Exercise directions:
Without any of the pictures, print every record below exactly.

[Supplied records — start]

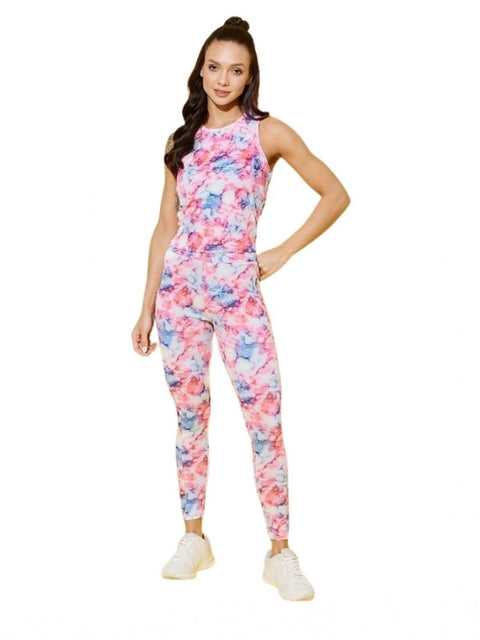 Generic Women's Polyester Lycra Printed Sleeveless Active Wear (Multicolor)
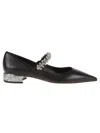 Jimmy Choo Nappa Leather Bing Ballerinas With Embellished Strap In Black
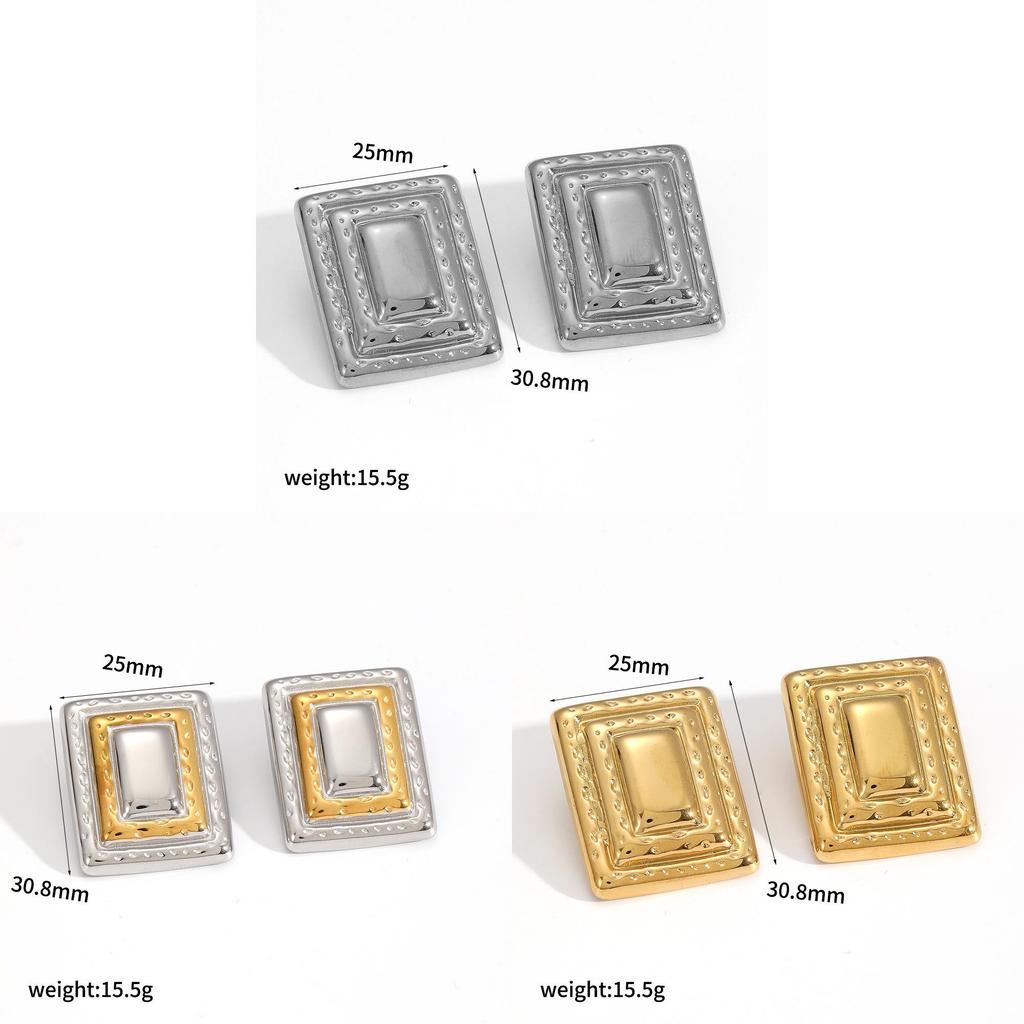 Geometric Stainless Steel Layered Earrings For Womens Fashion Jewelry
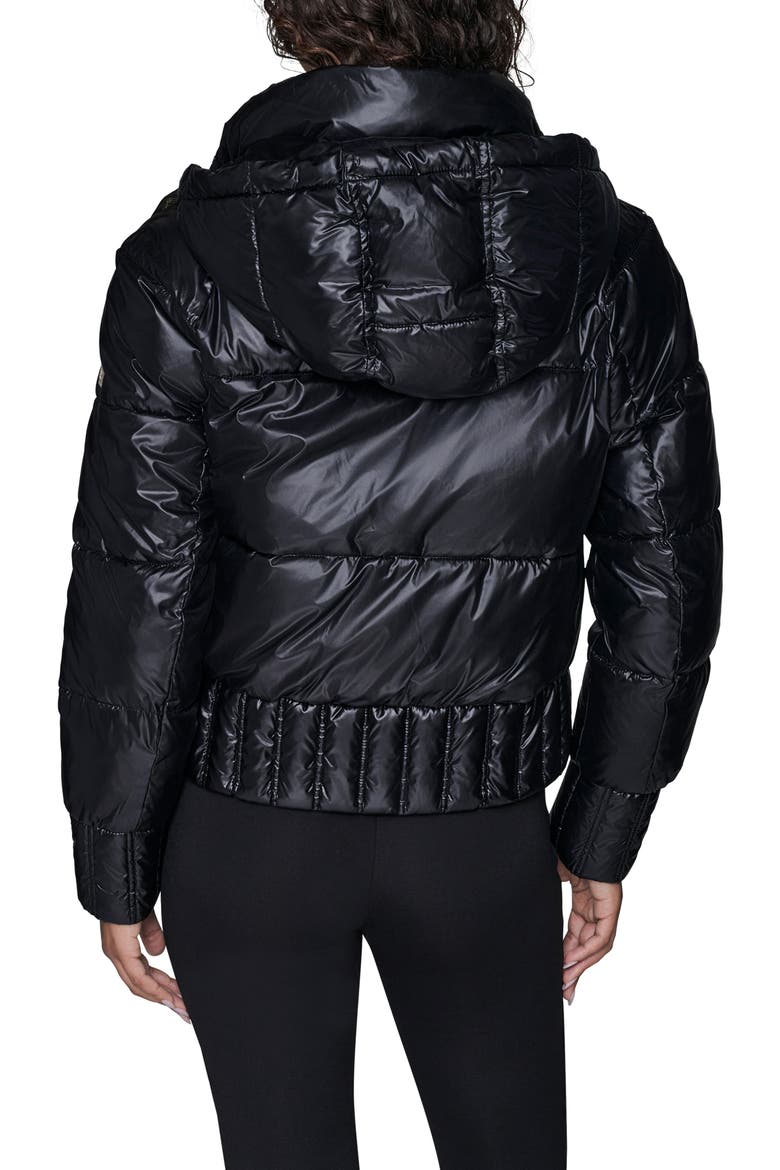 Crop Puffer Bomber Jacket, Alternate, color, BLACK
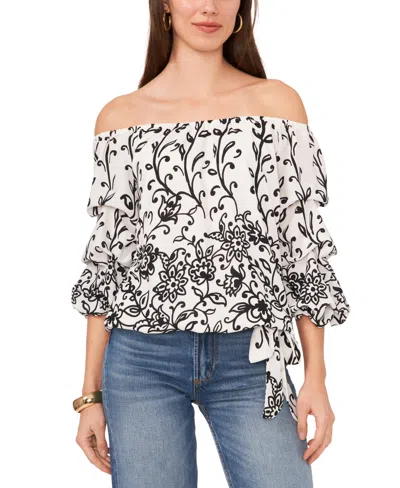 Vince Camuto Women's Floral Off The Shoulder Bubble Sleeve Tie Front Blouse In Rich Black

[Supplied records — finish]

Result for this exercise:
 Generic Women's Polyester Lycra Printed Sleeveless Active Wear (Multicolor)
 Jimmy Choo Nappa Leather Bing Ballerinas With Embellished Strap In Black
 Geometric Stainless Steel Layered Earrings For Womens Fashion Jewelry
 Crop Puffer Bomber Jacket, Alternate, color, BLACK
 Vince Camuto Women's Floral Off The Shoulder Bubble Sleeve Tie Front Blouse In Rich Black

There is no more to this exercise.